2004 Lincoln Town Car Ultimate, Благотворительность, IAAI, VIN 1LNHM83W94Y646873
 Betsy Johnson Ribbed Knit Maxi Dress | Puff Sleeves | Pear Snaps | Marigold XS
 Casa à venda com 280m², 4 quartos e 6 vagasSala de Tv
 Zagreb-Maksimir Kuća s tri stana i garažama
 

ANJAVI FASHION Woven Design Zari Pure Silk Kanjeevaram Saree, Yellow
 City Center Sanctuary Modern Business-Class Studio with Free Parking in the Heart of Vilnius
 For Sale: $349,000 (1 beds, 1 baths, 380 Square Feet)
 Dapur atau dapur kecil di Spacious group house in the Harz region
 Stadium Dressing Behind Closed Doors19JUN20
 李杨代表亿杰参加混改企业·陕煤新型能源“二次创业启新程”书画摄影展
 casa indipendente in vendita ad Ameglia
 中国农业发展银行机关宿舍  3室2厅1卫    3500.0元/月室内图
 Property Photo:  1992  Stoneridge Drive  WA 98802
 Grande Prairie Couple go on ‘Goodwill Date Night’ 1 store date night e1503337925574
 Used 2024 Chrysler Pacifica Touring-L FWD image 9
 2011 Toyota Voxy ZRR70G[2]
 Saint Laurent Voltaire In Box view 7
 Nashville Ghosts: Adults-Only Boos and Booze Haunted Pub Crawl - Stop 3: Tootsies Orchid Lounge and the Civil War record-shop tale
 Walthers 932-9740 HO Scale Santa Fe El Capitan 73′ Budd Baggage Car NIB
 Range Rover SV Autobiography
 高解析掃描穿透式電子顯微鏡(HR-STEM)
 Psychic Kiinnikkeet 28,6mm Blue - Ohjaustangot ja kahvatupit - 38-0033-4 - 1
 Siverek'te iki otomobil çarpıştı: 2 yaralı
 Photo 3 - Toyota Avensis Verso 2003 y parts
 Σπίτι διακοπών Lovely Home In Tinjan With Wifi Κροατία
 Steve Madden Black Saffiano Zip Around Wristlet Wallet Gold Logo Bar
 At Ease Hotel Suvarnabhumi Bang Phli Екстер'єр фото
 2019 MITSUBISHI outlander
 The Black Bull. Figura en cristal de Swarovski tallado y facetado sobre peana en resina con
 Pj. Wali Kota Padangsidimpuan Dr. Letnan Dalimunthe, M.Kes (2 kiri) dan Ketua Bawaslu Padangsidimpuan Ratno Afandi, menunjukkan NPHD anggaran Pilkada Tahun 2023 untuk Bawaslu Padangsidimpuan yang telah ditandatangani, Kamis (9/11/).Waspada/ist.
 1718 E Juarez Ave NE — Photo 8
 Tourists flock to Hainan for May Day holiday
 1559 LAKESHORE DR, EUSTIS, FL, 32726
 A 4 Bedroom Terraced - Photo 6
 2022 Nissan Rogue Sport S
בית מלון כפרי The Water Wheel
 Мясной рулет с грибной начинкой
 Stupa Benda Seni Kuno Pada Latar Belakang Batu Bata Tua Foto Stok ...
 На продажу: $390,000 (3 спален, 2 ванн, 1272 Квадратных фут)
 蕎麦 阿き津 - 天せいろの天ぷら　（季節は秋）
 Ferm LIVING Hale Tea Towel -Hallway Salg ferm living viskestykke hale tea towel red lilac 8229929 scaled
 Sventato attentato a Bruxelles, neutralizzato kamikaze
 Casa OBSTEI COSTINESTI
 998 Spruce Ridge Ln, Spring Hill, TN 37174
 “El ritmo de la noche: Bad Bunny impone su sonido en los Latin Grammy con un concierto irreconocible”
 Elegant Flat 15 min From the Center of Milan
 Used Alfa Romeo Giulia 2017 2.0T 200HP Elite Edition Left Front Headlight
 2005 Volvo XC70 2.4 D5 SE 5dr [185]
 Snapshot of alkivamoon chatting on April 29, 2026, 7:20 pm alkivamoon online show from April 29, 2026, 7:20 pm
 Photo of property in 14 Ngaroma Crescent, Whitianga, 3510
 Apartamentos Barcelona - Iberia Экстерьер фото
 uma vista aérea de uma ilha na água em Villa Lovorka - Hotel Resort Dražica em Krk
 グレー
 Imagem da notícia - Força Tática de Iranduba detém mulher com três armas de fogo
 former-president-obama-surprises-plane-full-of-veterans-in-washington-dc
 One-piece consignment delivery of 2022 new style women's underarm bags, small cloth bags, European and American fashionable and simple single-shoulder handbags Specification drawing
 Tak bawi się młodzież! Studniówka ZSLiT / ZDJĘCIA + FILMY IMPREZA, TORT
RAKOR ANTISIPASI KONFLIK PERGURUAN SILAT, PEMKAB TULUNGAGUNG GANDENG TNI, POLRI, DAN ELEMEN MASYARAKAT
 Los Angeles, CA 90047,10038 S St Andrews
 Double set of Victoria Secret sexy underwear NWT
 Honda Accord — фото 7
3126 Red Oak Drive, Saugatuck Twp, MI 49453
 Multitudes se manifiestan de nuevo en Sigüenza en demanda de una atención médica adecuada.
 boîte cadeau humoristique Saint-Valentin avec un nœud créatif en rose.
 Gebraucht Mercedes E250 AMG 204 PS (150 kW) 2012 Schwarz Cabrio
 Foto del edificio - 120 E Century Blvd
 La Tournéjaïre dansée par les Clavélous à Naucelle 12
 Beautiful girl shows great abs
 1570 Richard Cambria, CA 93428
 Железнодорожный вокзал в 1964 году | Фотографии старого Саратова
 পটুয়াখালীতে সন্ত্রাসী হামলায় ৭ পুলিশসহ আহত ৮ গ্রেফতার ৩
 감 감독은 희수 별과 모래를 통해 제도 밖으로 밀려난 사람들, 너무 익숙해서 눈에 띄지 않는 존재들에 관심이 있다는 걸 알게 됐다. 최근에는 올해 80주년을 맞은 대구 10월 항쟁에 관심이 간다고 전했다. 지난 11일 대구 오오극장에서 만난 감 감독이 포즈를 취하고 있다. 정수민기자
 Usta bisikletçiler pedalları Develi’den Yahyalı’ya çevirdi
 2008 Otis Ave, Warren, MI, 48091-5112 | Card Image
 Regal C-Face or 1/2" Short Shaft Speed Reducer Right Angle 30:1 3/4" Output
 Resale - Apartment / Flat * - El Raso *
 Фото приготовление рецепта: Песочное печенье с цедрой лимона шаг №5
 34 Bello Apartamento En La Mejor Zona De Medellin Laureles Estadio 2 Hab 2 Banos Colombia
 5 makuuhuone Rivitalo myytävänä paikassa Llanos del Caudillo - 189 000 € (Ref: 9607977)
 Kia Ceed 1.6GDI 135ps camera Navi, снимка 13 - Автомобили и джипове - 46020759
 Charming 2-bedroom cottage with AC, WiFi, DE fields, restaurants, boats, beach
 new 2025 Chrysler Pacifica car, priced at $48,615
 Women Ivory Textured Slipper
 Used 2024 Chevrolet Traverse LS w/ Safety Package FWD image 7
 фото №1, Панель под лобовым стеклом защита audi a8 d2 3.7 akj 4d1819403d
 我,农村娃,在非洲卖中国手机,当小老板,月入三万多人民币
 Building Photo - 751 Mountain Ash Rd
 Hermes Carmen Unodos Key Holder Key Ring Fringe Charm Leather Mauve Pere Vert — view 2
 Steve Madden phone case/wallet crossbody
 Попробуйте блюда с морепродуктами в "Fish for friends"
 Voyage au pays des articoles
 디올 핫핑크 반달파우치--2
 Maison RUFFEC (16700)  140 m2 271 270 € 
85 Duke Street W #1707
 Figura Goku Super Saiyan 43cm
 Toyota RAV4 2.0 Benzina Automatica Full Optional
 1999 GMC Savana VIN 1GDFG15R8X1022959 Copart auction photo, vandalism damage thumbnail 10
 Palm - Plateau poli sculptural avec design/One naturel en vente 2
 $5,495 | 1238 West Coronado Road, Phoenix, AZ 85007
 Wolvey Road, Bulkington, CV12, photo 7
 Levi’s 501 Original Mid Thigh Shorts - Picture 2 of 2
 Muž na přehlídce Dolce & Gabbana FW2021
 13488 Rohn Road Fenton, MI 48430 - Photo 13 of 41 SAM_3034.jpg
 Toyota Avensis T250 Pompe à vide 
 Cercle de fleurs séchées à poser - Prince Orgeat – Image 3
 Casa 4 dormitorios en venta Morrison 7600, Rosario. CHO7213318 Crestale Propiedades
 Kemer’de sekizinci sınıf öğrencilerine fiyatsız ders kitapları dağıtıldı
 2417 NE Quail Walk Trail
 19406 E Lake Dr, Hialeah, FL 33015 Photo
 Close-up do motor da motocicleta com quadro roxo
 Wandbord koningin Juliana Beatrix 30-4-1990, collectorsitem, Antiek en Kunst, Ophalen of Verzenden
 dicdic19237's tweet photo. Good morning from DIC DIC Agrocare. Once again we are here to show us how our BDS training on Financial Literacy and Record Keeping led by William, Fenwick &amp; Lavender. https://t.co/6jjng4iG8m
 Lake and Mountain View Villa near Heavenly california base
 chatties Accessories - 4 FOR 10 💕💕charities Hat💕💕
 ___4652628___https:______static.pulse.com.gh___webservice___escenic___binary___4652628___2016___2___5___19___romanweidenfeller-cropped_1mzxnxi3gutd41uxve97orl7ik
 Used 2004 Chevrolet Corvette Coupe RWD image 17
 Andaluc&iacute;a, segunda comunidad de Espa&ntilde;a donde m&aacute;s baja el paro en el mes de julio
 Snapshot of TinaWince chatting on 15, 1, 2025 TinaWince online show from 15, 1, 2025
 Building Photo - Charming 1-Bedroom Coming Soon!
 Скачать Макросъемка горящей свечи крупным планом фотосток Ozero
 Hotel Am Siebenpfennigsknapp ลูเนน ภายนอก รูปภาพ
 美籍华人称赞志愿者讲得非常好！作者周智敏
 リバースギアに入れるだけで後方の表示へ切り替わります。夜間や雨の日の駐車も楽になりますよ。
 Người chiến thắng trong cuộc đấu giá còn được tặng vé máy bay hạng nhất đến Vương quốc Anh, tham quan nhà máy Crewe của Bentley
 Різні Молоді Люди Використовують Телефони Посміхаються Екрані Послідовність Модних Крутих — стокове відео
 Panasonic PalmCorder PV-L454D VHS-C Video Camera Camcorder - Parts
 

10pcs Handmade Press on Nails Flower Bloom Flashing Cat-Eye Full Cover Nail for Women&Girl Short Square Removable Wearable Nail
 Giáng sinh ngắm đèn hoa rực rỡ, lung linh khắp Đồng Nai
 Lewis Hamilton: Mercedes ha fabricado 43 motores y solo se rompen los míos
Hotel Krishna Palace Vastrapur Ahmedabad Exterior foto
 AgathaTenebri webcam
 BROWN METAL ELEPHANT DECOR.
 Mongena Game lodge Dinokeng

- **Work to complete**: Only those lines of the entries above that run from the line containing "Resale - Apartment / Flat * - El Raso *" to the line containing "Building Photo - 751 Mountain Ash Rd", both included, should be transcribed exactly.

- **Task result**:
 Resale - Apartment / Flat * - El Raso *
 Фото приготовление рецепта: Песочное печенье с цедрой лимона шаг №5
 34 Bello Apartamento En La Mejor Zona De Medellin Laureles Estadio 2 Hab 2 Banos Colombia
 5 makuuhuone Rivitalo myytävänä paikassa Llanos del Caudillo - 189 000 € (Ref: 9607977)
 Kia Ceed 1.6GDI 135ps camera Navi, снимка 13 - Автомобили и джипове - 46020759
 Charming 2-bedroom cottage with AC, WiFi, DE fields, restaurants, boats, beach
 new 2025 Chrysler Pacifica car, priced at $48,615
 Women Ivory Textured Slipper
 Used 2024 Chevrolet Traverse LS w/ Safety Package FWD image 7
 фото №1, Панель под лобовым стеклом защита audi a8 d2 3.7 akj 4d1819403d
 我,农村娃,在非洲卖中国手机,当小老板,月入三万多人民币
 Building Photo - 751 Mountain Ash Rd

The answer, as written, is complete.